Senate Research Center                                                                                                     H.B. 2928

                                                                                                                       By: Kolkhorst (Seliger)

                                                                             S/C on Emerging Technologies & Economic Dev.

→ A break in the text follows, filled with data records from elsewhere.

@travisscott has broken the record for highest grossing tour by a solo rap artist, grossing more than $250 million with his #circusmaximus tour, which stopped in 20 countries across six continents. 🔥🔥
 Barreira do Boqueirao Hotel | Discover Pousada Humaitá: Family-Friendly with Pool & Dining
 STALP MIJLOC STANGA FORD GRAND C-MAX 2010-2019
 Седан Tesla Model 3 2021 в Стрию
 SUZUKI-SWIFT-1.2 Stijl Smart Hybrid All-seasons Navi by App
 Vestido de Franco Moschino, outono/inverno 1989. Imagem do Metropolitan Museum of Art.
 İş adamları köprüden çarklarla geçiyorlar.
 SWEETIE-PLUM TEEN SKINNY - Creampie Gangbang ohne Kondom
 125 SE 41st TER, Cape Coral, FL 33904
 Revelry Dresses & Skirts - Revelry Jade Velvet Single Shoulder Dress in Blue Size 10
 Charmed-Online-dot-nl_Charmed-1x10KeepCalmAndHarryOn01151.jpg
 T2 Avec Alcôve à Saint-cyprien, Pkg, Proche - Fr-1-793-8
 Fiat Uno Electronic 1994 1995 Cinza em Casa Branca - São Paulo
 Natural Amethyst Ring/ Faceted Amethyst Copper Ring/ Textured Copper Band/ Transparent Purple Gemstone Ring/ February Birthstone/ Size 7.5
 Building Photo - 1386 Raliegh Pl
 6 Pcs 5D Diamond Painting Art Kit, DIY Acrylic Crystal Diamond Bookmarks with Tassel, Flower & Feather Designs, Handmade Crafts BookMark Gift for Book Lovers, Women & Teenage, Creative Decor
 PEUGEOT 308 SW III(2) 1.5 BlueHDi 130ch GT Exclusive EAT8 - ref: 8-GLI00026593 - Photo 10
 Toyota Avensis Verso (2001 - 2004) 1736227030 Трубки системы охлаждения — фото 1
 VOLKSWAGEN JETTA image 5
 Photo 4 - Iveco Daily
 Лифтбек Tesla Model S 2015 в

                                                                                                                                              5/6/2005

                                                                                                                                           Engrossed

 

 

AUTHOR'S/SPONSOR'S STATEMENT OF INTENT

 

Current Texas law allows voters in eligible cities to impose a local sales and use tax dedicated to helping finance their communities' economic development projects.  The economic development sales tax has become a key component of local economic development programs for communities throughout Texas.  There is a need to offer a broader array of options for the use of these proceeds because different cities have different potential uses for this funding. 

 

H.B. 2928 amends the Development Corporation Act of 1979 to allow several additional ways for eligible cities to use their local sales and use tax proceeds, depending on certain criteria set forth in the bill.

 

RULEMAKING AUTHORITY

 

This bill does not expressly grant any additional rulemaking authority to a state officer, institution, or agency.

 

SECTION BY SECTION ANALYSIS

 

SECTION 1.  Amends Section 2(11), Development Corporation Act of 1979 (Article 5190.6, V.C.T.S.), to redefine "project." 

 

SECTION 2.  Amends Section 2, Development Corporation Act of 1979 (Article 5190.6, V.C.T.S.), by adding Subdivision (19) to define "blighted area."

 

SECTION 3.  Amends Section 4B(a), Development Corporation Act of 1979 (Article 5190.6, V.C.T.S.), by adding Subdivision (3), to define "project" for a corporation created by an eligible city with a population of 20,000 or less.  Prohibits a corporation from undertaking a project authorized by this subdivision that requires an expenditure of more than $10,000 until the governing body of the eligible city creating the corporation adopts a resolution authorizing the project after giving the resolution at least two separate readings. 

 

SECTION 4.  Amends Section 40(a), Development Corporation Act of 1979 (Article 5190.6, V.C.T.S.), to make a conforming change.

 

SECTION 5.  Effective date:  September 1, 2005.